2011-03-24 17:50:11

by Joe Korty

[permalink] [raw]
Subject: [PATCH 18/24] jrcu: refactor watchdog code

jrcu: refactor watchdog code.

Much too complicated, simplify.

Also, don't use sched_clock(), we don't need that kind
of precision. Instead, on every jrcu wakeup, we add into
a watchdog counter one RCU_HZ worth of usecs and check that
against the limit. Another nice thing, if we spend a long
time in NMI (think 'kernel debugger'), this new watchdog
ctr won't increment, which is what we want to happen,
while the old sched_clock() method continues to advance.
Thus the sched_clock version is technically broken unless
compensating code is added.

Signed-off-by: Joe Korty <[email protected]>

Index: b/kernel/jrcu.c
===================================================================
--- a/kernel/jrcu.c
+++ b/kernel/jrcu.c
@@ -139,9 +139,9 @@ int rcu_hz_delta_us = RCU_HZ_DELTA_US;

int rcu_scheduler_active __read_mostly;
int rcu_nmi_seen __read_mostly;
-static u64 rcu_timestamp;

-int rcu_wdog = 30; /* rcu watchdog interval, in seconds */
+static int rcu_wdog_ctr; /* time since last end-of-batch, in usecs */
+static int rcu_wdog_lim = 10 * USEC_PER_SEC; /* rcu watchdog interval */

/*
* Return our CPU id or zero if we are too early in the boot process to
@@ -299,7 +299,6 @@ static void __rcu_delimit_batches(struct
struct rcu_data *rd;
struct rcu_list *plist;
int cpu, eob, prev;
- u64 rcu_now;

/* If an NMI occured then the previous batch may not yet be
* quiescent.
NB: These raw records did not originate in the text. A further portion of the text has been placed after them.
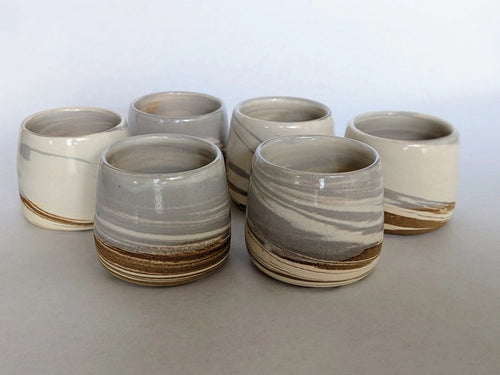 Handmade white marbled ceramic tumbler for slow living and daily rituals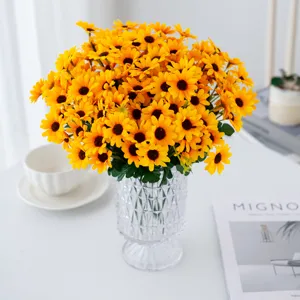 Artificial sunflower bouquet in clear glass vase, fake yellow flowers for home room decor.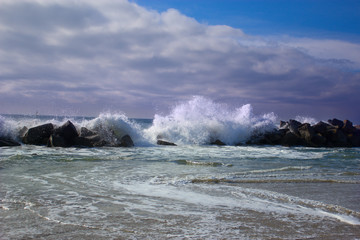 Big waves breaking against the rocks. Waves breaking over the ro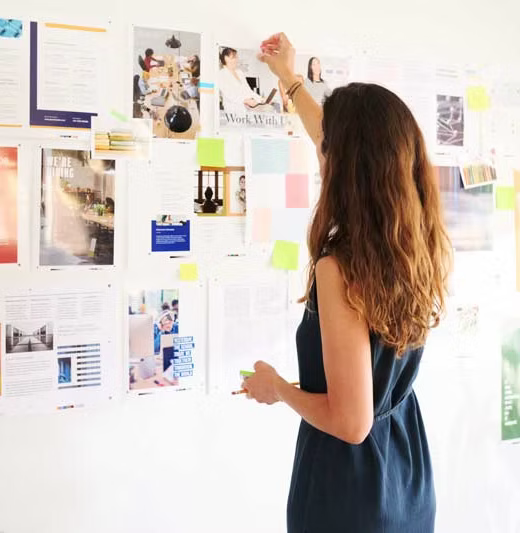 A woman with long, wavy hair in a dark dress stickers a notice on a white wall filled with various papers, photos, and sticky notes.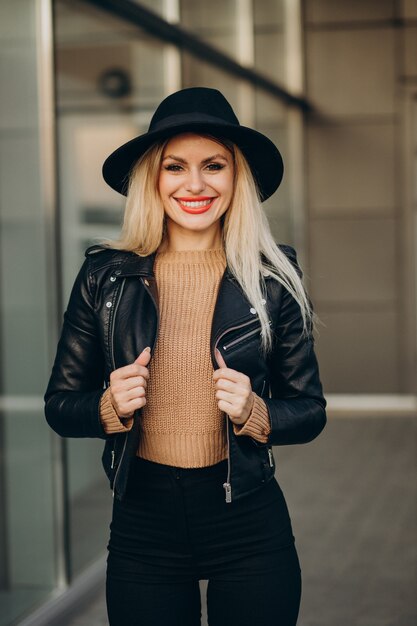 Jeune femme au chapeau noir marchant à l'extérieur de la rue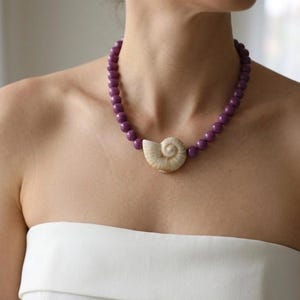 May include: A necklace featuring a series of smooth, round, purple beads strung together. The centerpiece of the necklace is a single, natural, cream-colored spiral seashell positioned at the front, creating a distinct contrast with the purple beads.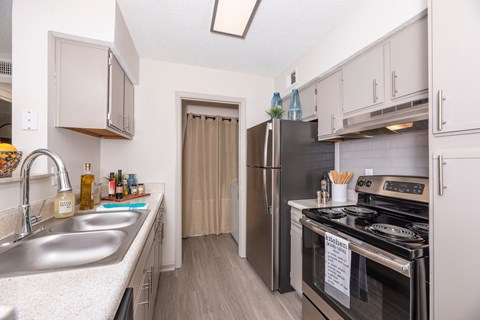 a kitchen with stainless steel appliances and white cabinets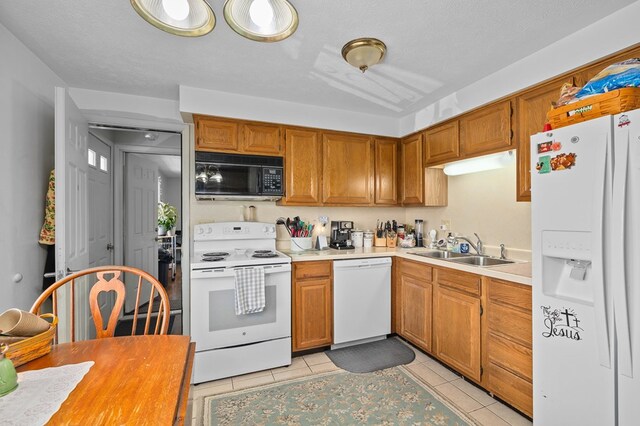 524.526 Rudy Rd, Mansfield, OH 44903 - kitchen featuring white appliances, a sink, light countertops, brown cabinetry, and light tile patterned flooring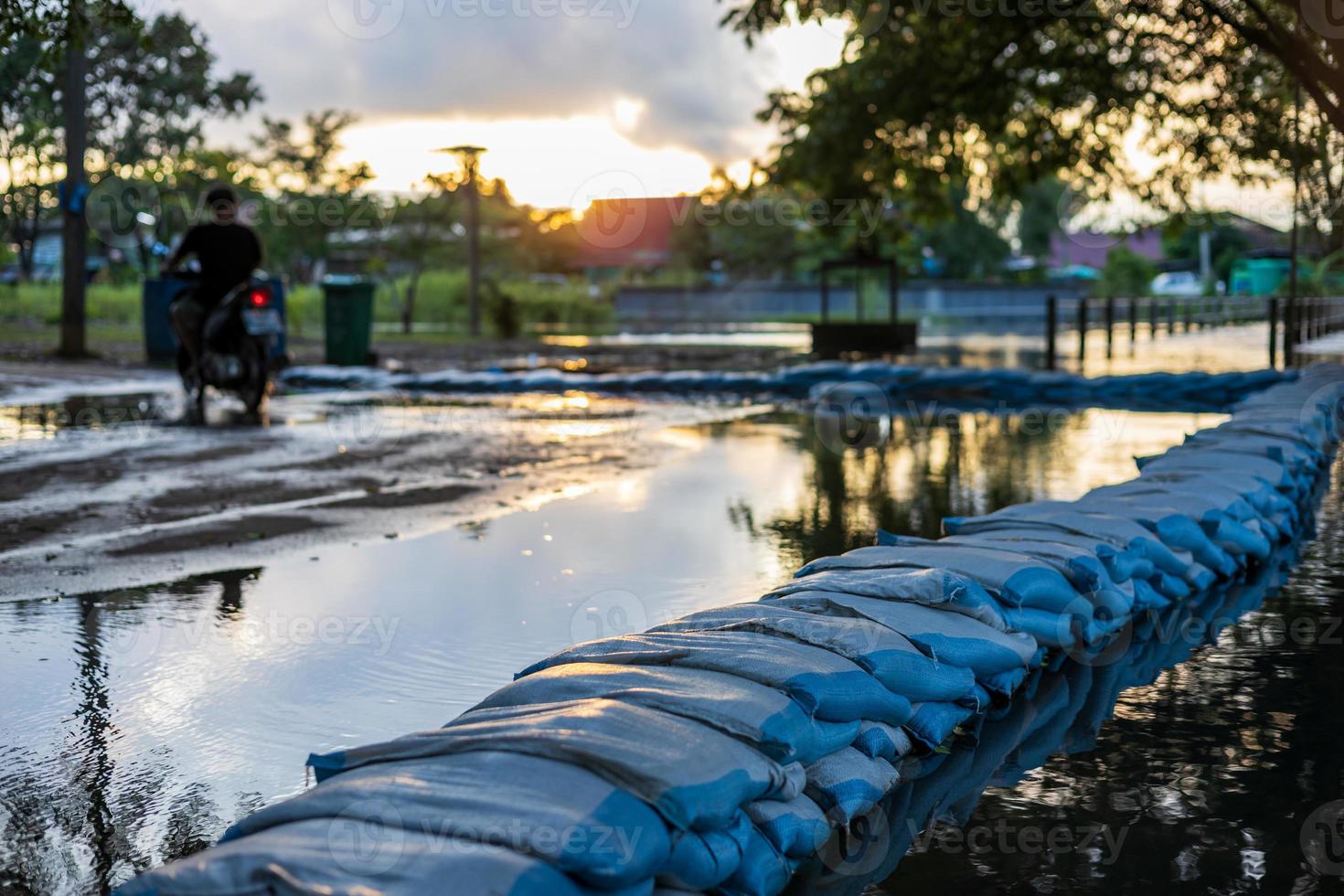 Blue sacks filled with sand are stacked in rows to form dams to prevent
Let's wait till it is.
@@ -325,34 +324,24 @@ static void __rcu_delimit_batches(struct
}
}

- /*
- * Force end-of-batch if too much time (n seconds) has
- * gone by.
- */
- rcu_now = sched_clock();
rcu_stats.nlast++;

- if (!eob && !rcu_timestamp
- && ((rcu_now - rcu_timestamp) > (s64)rcu_wdog * NSEC_PER_SEC)) {
- rcu_stats.nforced++;
- for_each_online_cpu(cpu) {
- if (rcu_data[cpu].wait)
- force_cpu_resched(cpu);
- }
- rcu_timestamp = rcu_now;
- }
- /*
- * Just return if the current batch has not yet
- * ended.
- */
-
- if (!eob)
- return;
-
/*
- * Batch has ended. First, restart watchdog.
+ * Exit if batch has not ended. But first, tickle all non-cooperating
+ * CPUs if enough time has passed.
*/
- rcu_timestamp = rcu_now;
+ if (eob == 0) {
+ if (rcu_wdog_ctr >= rcu_wdog_lim) {
+ rcu_wdog_ctr = 0;
+ rcu_stats.nforced++;
+ for_each_online_cpu(cpu) {
+ if (rcu_data[cpu].wait)
+ force_cpu_resched(cpu);
+ }
+ }
+ rcu_wdog_ctr += rcu_hz_period_us;
+ return eob;
+ }

/*
* End the current RCU batch and start a new one.
@@ -391,8 +380,10 @@ static void __rcu_delimit_batches(struct
* counter until the results of that xchg are visible on other cpus.
*/
xchg(&rcu_which, prev); /* only place where rcu_which is written to */
+
rcu_stats.nbatches++;
rcu_stats.nlast = 0;
+ rcu_wdog_ctr = 0;
}

static void rcu_delimit_batches(void)
@@ -580,14 +571,14 @@ late_initcall(jrcud_start);

static int rcu_debugfs_show(struct seq_file *m, void *unused)
{
- int cpu, q, msecs;
-
- raw_local_irq_disable();
- msecs = div_s64(sched_clock() - rcu_timestamp, NSEC_PER_MSEC);
- raw_local_irq_enable();
+ int cpu, q;

seq_printf(m, "%14u: hz\n", rcu_hz);
- seq_printf(m, "%14u: watchdog (secs)\n", rcu_wdog);
+
+ seq_printf(m, "%14u: watchdog (secs)\n", rcu_wdog_lim / (int)USEC_PER_SEC);
+ seq_printf(m, "%14d: #secs left on watchdog\n",
+ (rcu_wdog_lim - rcu_wdog_ctr) / (int)USEC_PER_SEC);
+
#ifdef CONFIG_JRCU_DAEMON
if (rcu_daemon)
seq_printf(m, "%14u: daemon priority\n", rcu_priority);
@@ -604,8 +595,6 @@ static int rcu_debugfs_show(struct seq_f
rcu_stats.npasses - rcu_stats.nbatches);
seq_printf(m, "%14u: #passes since last end-of-batch\n",
rcu_stats.nlast);
- seq_printf(m, "%14u: #msecs since last end-of-batch\n",
- msecs);
seq_printf(m, "%14u: #passes forced (0 is best)\n",
rcu_stats.nforced);

@@ -698,7 +687,7 @@ static ssize_t rcu_debugfs_write(struct
sscanf(&token[5], "%d", &wdog);
if (wdog < 3 || wdog > 1000)
return -EINVAL;
- rcu_wdog = wdog;
+ rcu_wdog_lim = wdog * USEC_PER_SEC;
} else
return -EINVAL;